Une reconstitution grandeur nature de la façade principale de l'hôtel, toutes les pièces intérieures et le labyrinthe ont été construits aux Studios d'Elstree.

Pour les scènes en extérieur filmant le décor, les immenses tas de neige autour de l'hôtel étaient constitués de petites billes de polystyrène.

La conception de l'Overlook fut très étroitement basée sur l'hôtel Ahwahnee (en) (Yosemite, Californie). Les intérieurs ont été reconstitués presque à l’identique. À tel point qu'aujourd'hui encore, certains croient que l'hôtel a réellement servi de décor pour le film.[réf. nécessaire]

La musique du film[modifier | modifier le code]

Après Barry Lyndon, film d'une grande beauté visuelle, Kubrick apportera un soin particulier à la bande son du film. Les musiques originales sont composées par Rachel Elkind et Wendy Carlos[11]. Cette dernière vocoderise en partie la Symphonie fantastique de Berlioz pour le générique de début. Berlioz s'est lui-même inspiré de la musique du Dies Irae, prière latine chantée lors des liturgies catholiques pour les défunts (motif mélodique tiré d'une séquence médiévale grégorienne). La musique additionnelle est Musique pour cordes, percussion et célesta de Béla Bartók ainsi que des compositions de Krzysztof Penderecki (Polymorphia, De natura sonoris n° 1 & 2, Le Rêve de Jacob) et de György Ligeti (Lontano)[11].

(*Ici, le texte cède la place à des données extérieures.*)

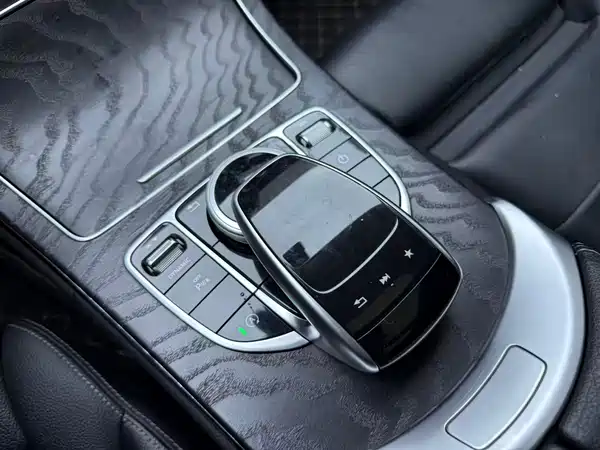 Mercedes-Benz C-Class 2018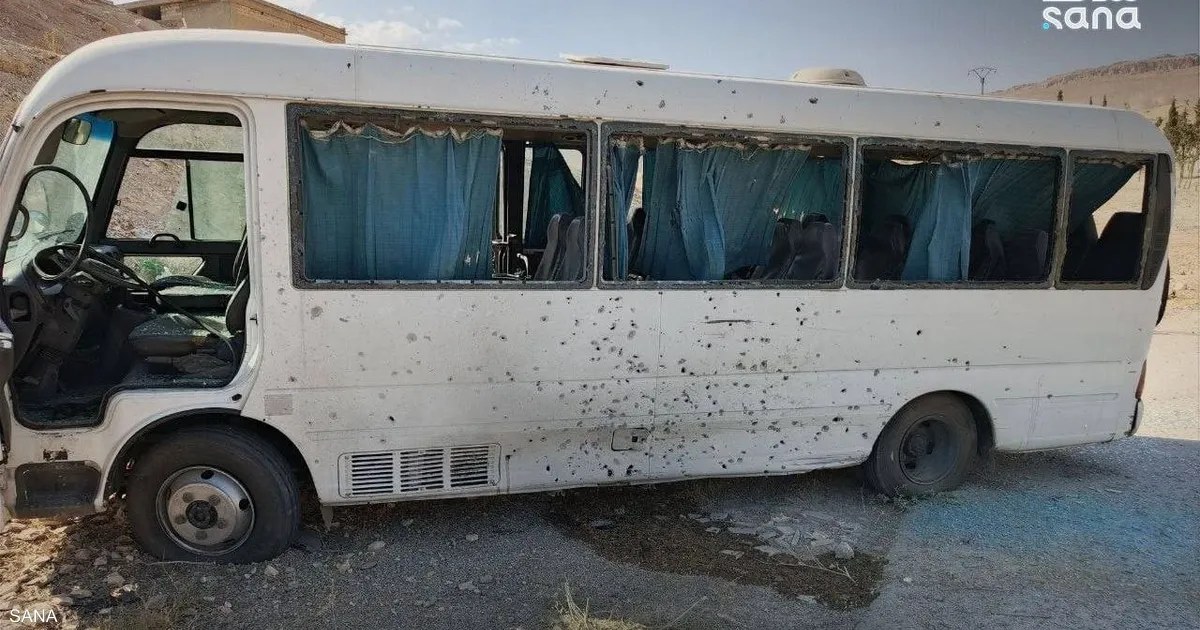 سوريا: إصابات بانفجار عبوة في حافلة أمن قرب دمشق وتوقيف خلية لتنظيم داعش شرقا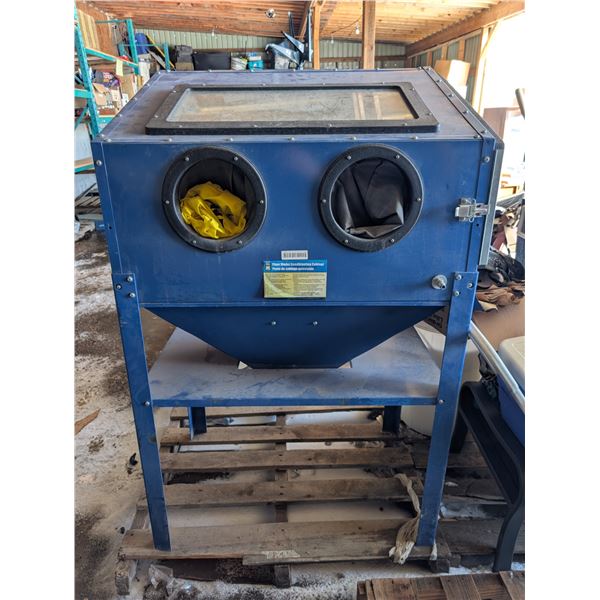 Power Fist Model Sandblasting Cabinet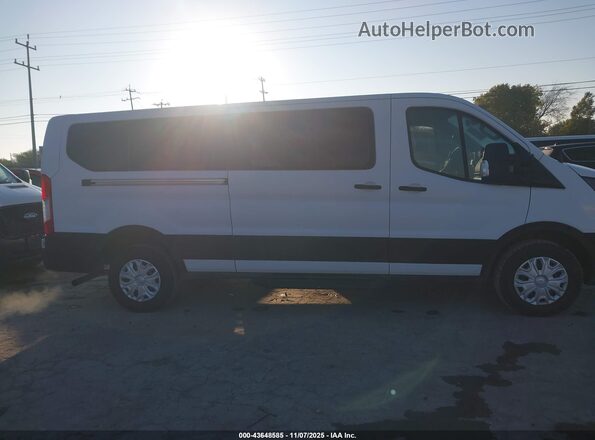 1FBAX2Y80NKA67445 2022 FORD PASSENGER White Vista interior trasera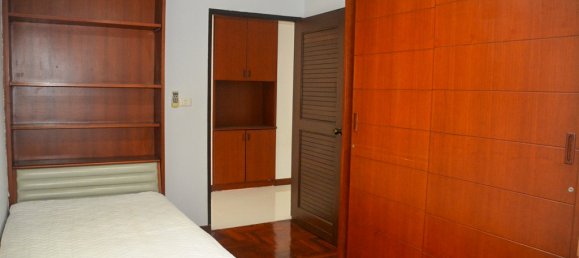3 bedrooms Condo in Bangkok, Thailand No. 6846 13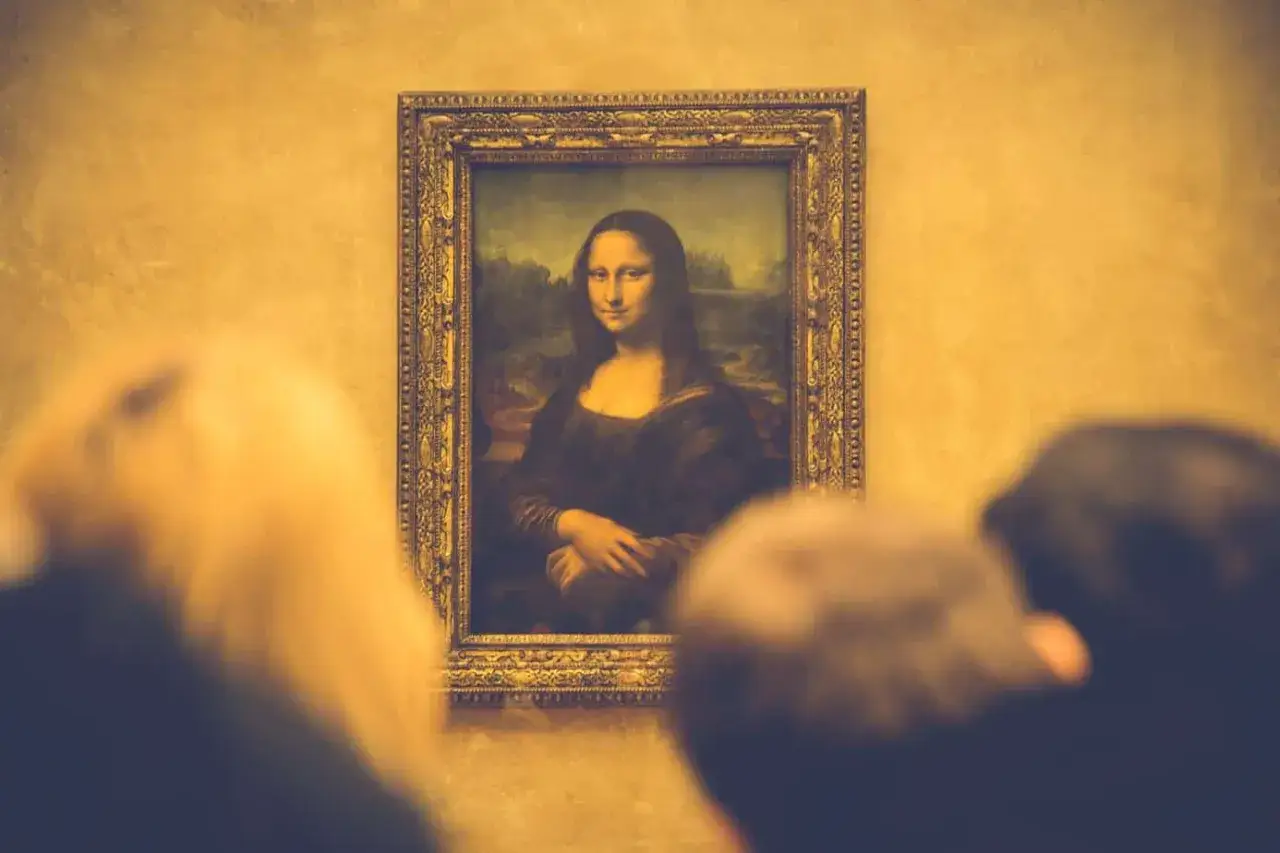 Mona Lisa w złotej ramie, otoczona tłumem. Ciekawe, co kryje jej tajemniczy uśmiech?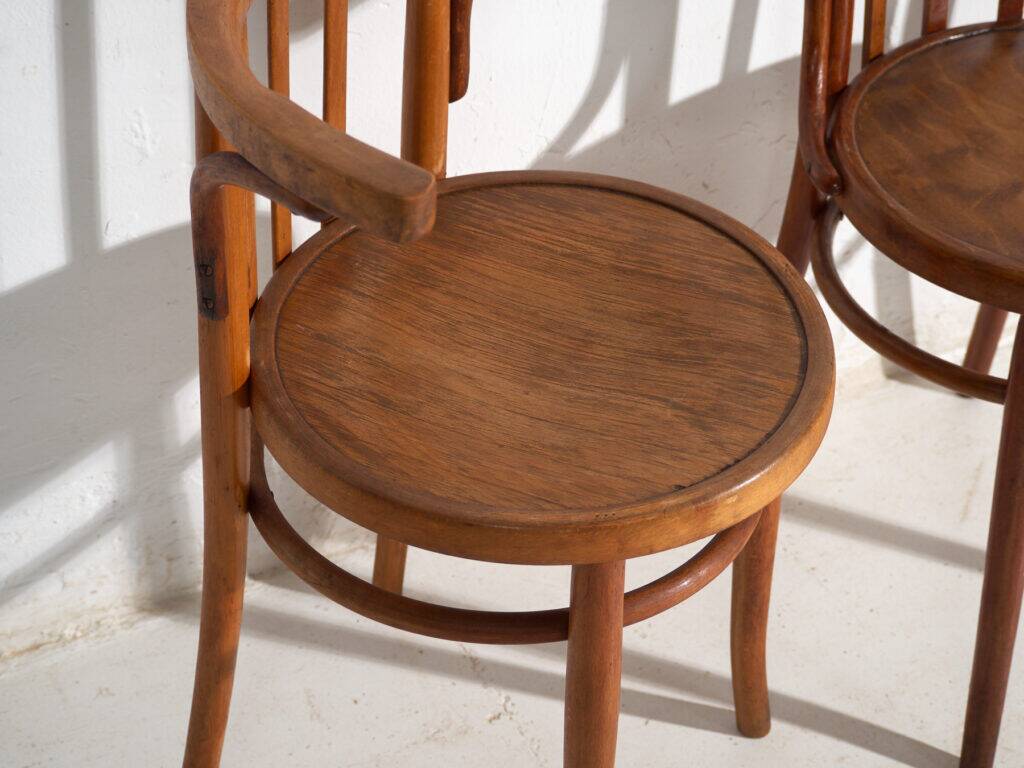 Ensemble de quatre chaises style Thonet en bois courbé – Europe centrale, vers 1920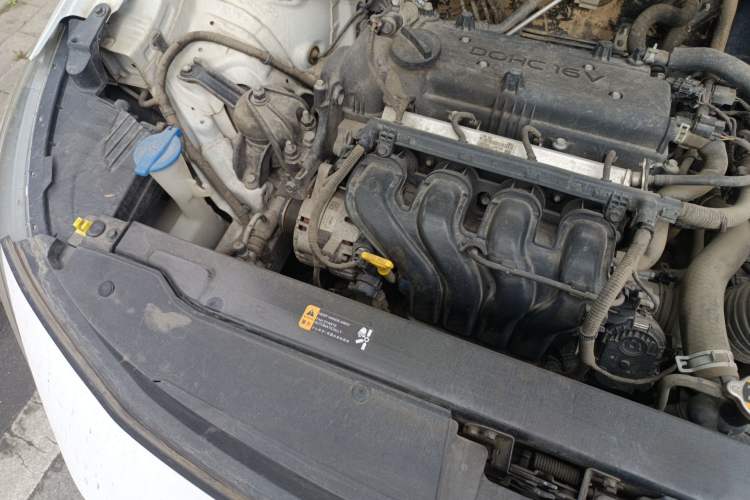 Used Hyundai Celesta 2017 1.6L Automatic Enjoyment Version GLS Engine Bay Right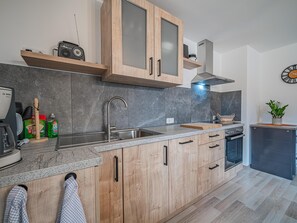 Fridge, oven, stovetop, coffee/tea maker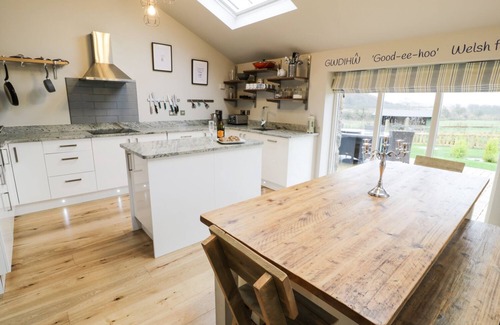 Mynytho Cottage | HORSESHOE COTTAGE, pet friendly, luxury holiday cottage in Abersoch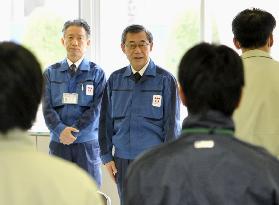 TEPCO chief visits Fukushima again to apologize
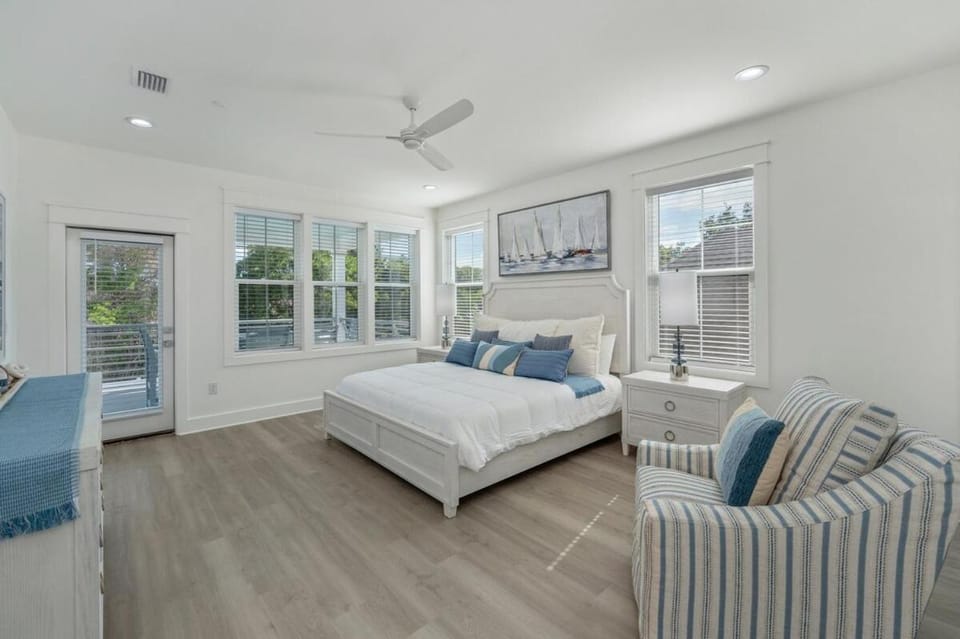 Seaspray - Pool - Sleeps 26 - Beach access! House in Destin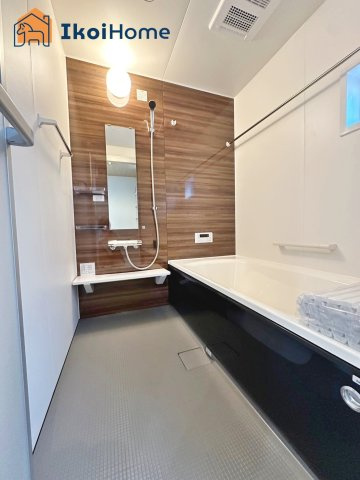 神戸市第4西区桜が丘東町4丁目　新築戸建の浴室|同社施工事例です●年中無休：当日予約可●小窓ございますので通気・換気良好です。清潔な空間を保てます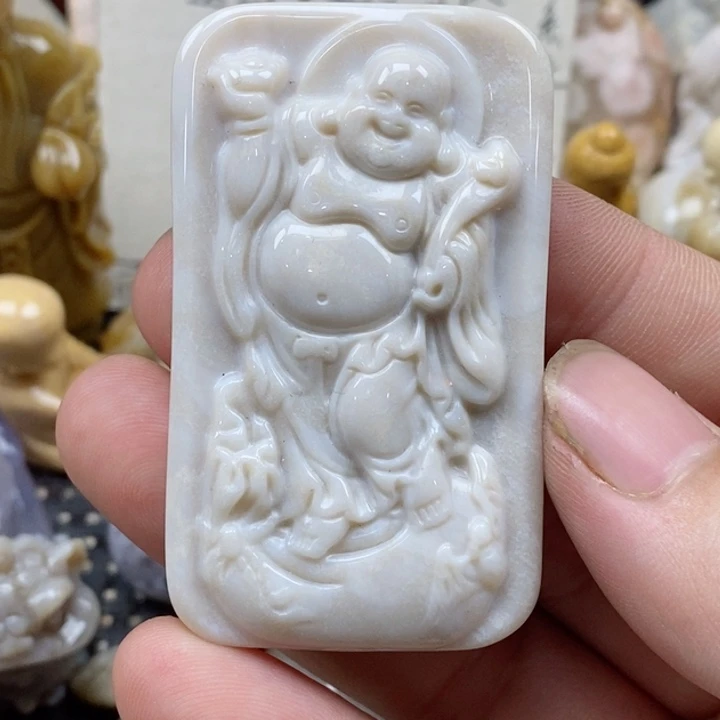 颈饰未镶嵌硅化珊瑚（珊瑚玉）有瑕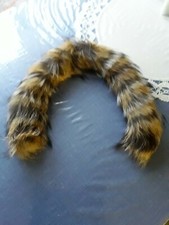 Waschbärpelzkragen für Kapuze braun, Länge 60 cm, Höhe 11 cm, echtes Fell
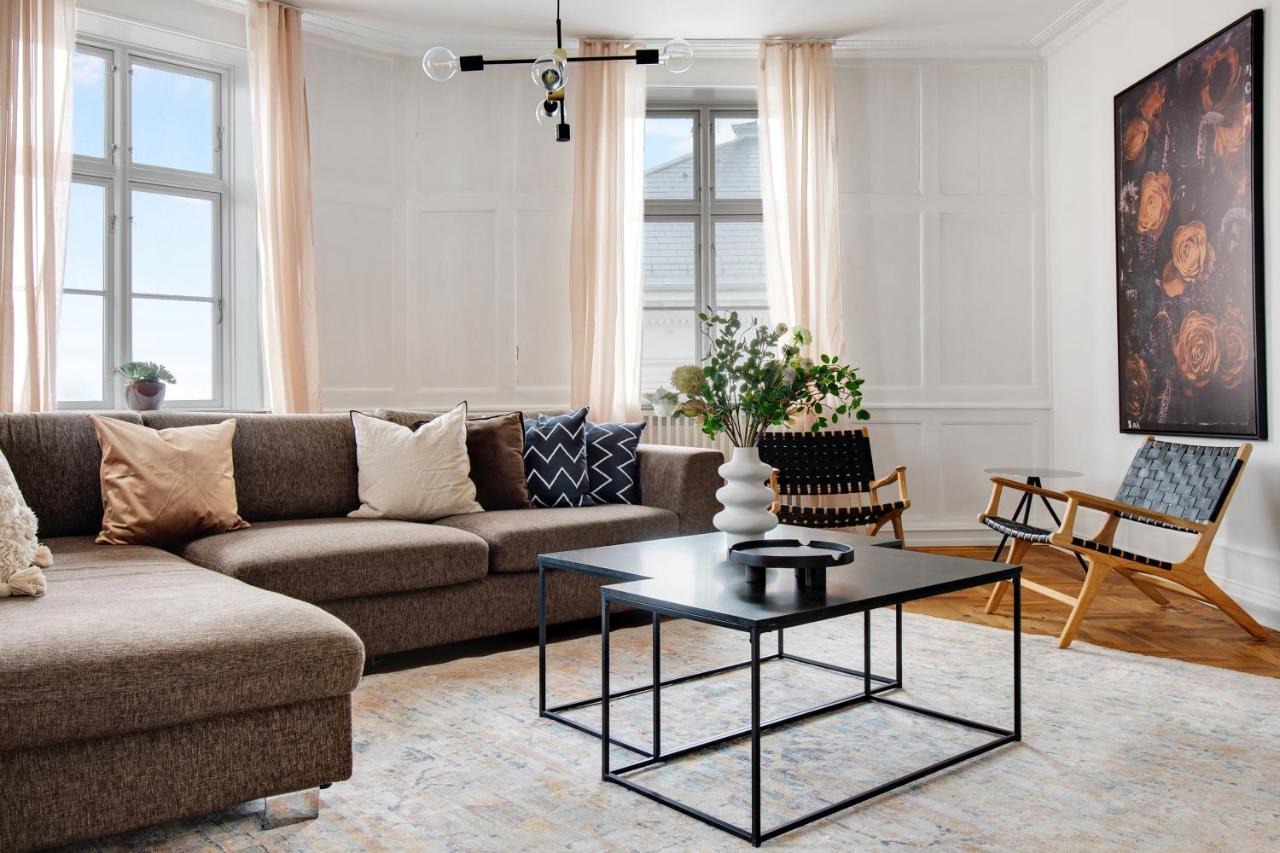 Sanders Square - Spacious Six-Bedroom Apartment Near Amalienborg København Eksteriør bilde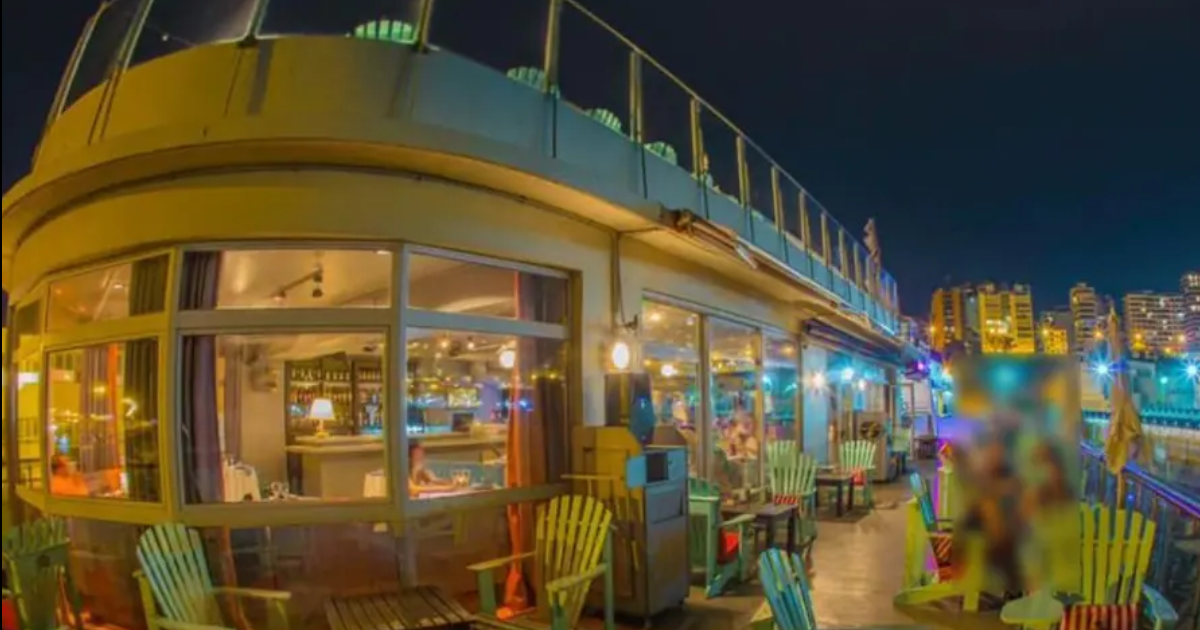 La víctima sufrió cortes profundos en el rostro luego de que una persona no identificada le partiera un vaso de vidrio en la cara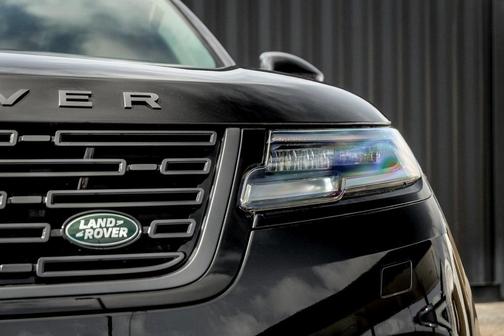 2026 Land Rover Range Rover Velar P250 Dynamic SE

Le générique de fin est Midnight, the Stars and You, composée par Ray Noble en 1934. On a là un anachronisme : le bal, comme nous le montre la photo finale, s'est passé en 1921. Toutefois ce titre foxtrot appartient à un genre populaire dans les années 20.

Casting[modifier | modifier le code]

Jack Nicholson[modifier | modifier le code]

Après Vol au-dessus d'un nid de coucou, Jack Nicholson s'impose comme la figure incontournable de la démence. En 1980, Nicholson est un des acteurs les mieux payés de Hollywood. Pour Kubrick, l'acteur avec qui il souhaitait travailler depuis longtemps est de toute évidence le meilleur interprète qu'on puisse imaginer pour le rôle[12].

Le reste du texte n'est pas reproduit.